The dependence on n_e implies a wavelength shift that is ≲1.5 Å (Appendix B) and, therefore, much larger than the accuracy of the wavelength scale of SDSS spectra. One should never forget that neglecting the dependence on density, and using a fixed wavelength as a reference, may bias redshift estimates and at least introduce a significant scatter if Hβ_NC and [O II]λ3727 redshifts are averaged together. This is the case even if it is often not possible to do otherwise. The average wavelength of the present sample is ${\overline{\lambda }}_{\mathrm{eff}}\approx 3728.3$ Å (vacuum) and 3727.2 (air), which corresponds to R[OII] around unity, and n_e ∼ 10^2.7 cm⁻³ (Fig. 8.6 of Pradhan & Nahar 2015). The value is not far from the expectation for the lower density limit typical of the NLR (Netzer 1990). These results may be a direct consequence of the location of the sources along the MS. For xA sources, n_e might be higher, thus reflecting a compact NLR with a larger density (Zamanov et al. 2002). On the other hand, if the aperture is large enough, circumnuclear and nuclear star formation may dominate the [O II]λ3727 emission. Ascertaining the systematic trends of ℛ would require extensive work; the scope of which is beyond that of the present work.

4.6. Relation between velocity dispersion of stellar and narrow-line components

There is considerable interest in the correlation between the masses (M_BH) of supermassive black holes (SMBHs) and the stellar velocity dispersion of the host galaxy bulge (Gebhardt et al. 2000; Ferrarese & Merritt 2000; Kormendy & Ho 2013) because of its important implications to the coevolution of galaxies and their SMBHs. A problem affecting the definition of the M_BH − σ_⋆ relation for AGNs is that a strong optical continuum emission from the AGN accretion disk can make measuring σ_⋆ difficult. Nelson & Whittle (1996) proposed using FWHM [O III]λ5007 as a proxy for σ_⋆ ×  2.355 because the [O III]λ5007 lines are strong and easily observable. The problem is that [O III]λλ4959,5007 often display blue asymmetries, most often explained as an outflow component (Heckman et al. 1981), which increases the scatter of the M_BH − σ_⋆ relation. Measuring σ_⋆ is more complicated in the case of AGN type 1 because of the high influence of broad emission lines and strong featureless nonstellar continuum. Furthermore, just as in several recent studies (Du et al. 2016b; Sexton et al. 2019) σ_[OIII] and σ_⋆ have been measured simultaneously. Sexton et al. (2019) show that fitting the [O III]λ5007 line with a single Gaussian or Gauss-Hermite polynomials overestimates σ_⋆ by more than 50%. Moreover, they show that even when they exclude line asymmetries from nongravitational gas motion in a fit with two Gaussians, there is no correlation between the narrow component of σ_[OIII] and σ_⋆. The fact that these two parameters have the same range, average, and standard deviation implies that they are under the same gravitational potential (Sexton et al. 2019). They suggest that the large scatter is probably caused by the dependency between the line profiles and the light distribution and underlying kinematic field. Because of this, Sexton et al. (2019) strongly caution that the [OIII] width cannot be used as a proxy for σ_⋆ on an individual basis. This confirms the results of Bennert et al. (2018) who show that σ_[OIII] can only be used as a surrogate for σ_⋆ in statistical studies.
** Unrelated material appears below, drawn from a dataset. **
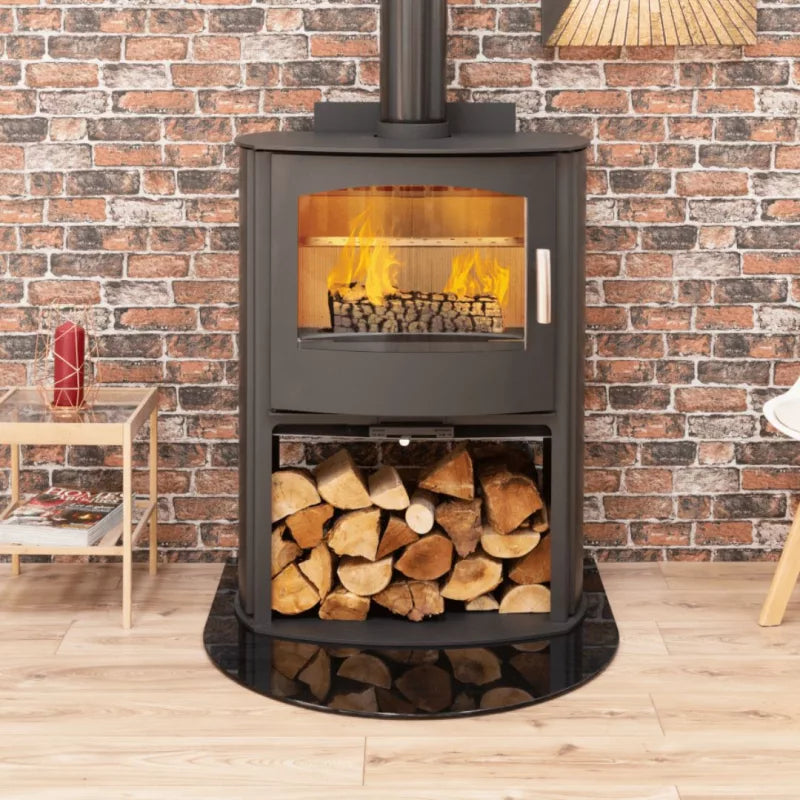 Mendip Churchill 10 Log Store SE Convection Wood Stove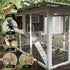 36inch 50ft 2 Inch Amagabeli Chicken Wire Fencing Poultry Wire Netting x Hexagonal Galvanized Mesh Garden Fence Animal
Komossa & Xu (2007) suggested using [SII]λλ6731,6717 as a surrogate for σ_⋆ since the sulfur lines have a lower ionization potential and since they do not suffer from significant asymmetries. However, the scatter is comparable to that of the core of the [OIII] line.

In this work, we confirm the results of Sexton et al. (2019) since we find no correlation between σ_⋆ and the velocity dispersion of the [O III]λ5007 narrow component. Instead, we find a high correlation between σ_⋆ and the velocity dispersion of the Hβ narrow component (r ≈ 0.64, P ≈ 1.93E−05). There is only an overall consistency between the values of σ_⋆ and both σ_[OIII] and σ_Hβ. The median values of the ratios involving the three parameters and their semi inter-quartile ranges (SIQR) are as follows: ⟨σ_[OIII]/σ_⋆⟩≈0.98 ± 0.23, and σ_Hβ/σ_⋆ ≈ 1.03 ± 0.19, σ_[OIII]/σ_Hβ ≈ 0.93 ± 0.22.

4.7. No strong outflows diagnosed by the [OIII]λ5007 profile

As mentioned above [O III]λ5007 lines were fit with the following two components: a narrower component that is associated with the core of the line, and a semi-broad component that corresponds to the radial motions (e.g., Komossa et al. 2008; Zhang et al. 2011). The spectral range around [O III]λ5007 lines is zoomed on the middle plot of Fig. A.1. Figure 9 shows the distribution of the shift of the semi broad component in the HG sample. As for typical type 1 AGN, the distribution of the sources in our sample is skewed to the blue, especially toward the line base. The amplitude of the blue-shifts is, however, modest and as such, it is not as strong as in the real xA sample. In looking at the full [O III]λλ4959,5007 profiles, we see again that no object qualifies as a blue outlier following the definition of Zamanov et al. (2002). The highest amplitude blueshift at 0.9 peak intensity is ≈ − 150 km s⁻¹ . The distribution of $c(\frac{1}{4})$ values is skewed toward blueshifts, as observed in most samples (e.g., Gaur et al. 2019; Berton et al. 2016; Zhang et al. 2011), in both Pop. A and Pop. B. The conclusion is that, for most objects, we have no evidence of xA properties from the [O III]λλ4959,5007 profiles: large shifts are common among xA sources, with a high frequency of blue-outliers (Paper I).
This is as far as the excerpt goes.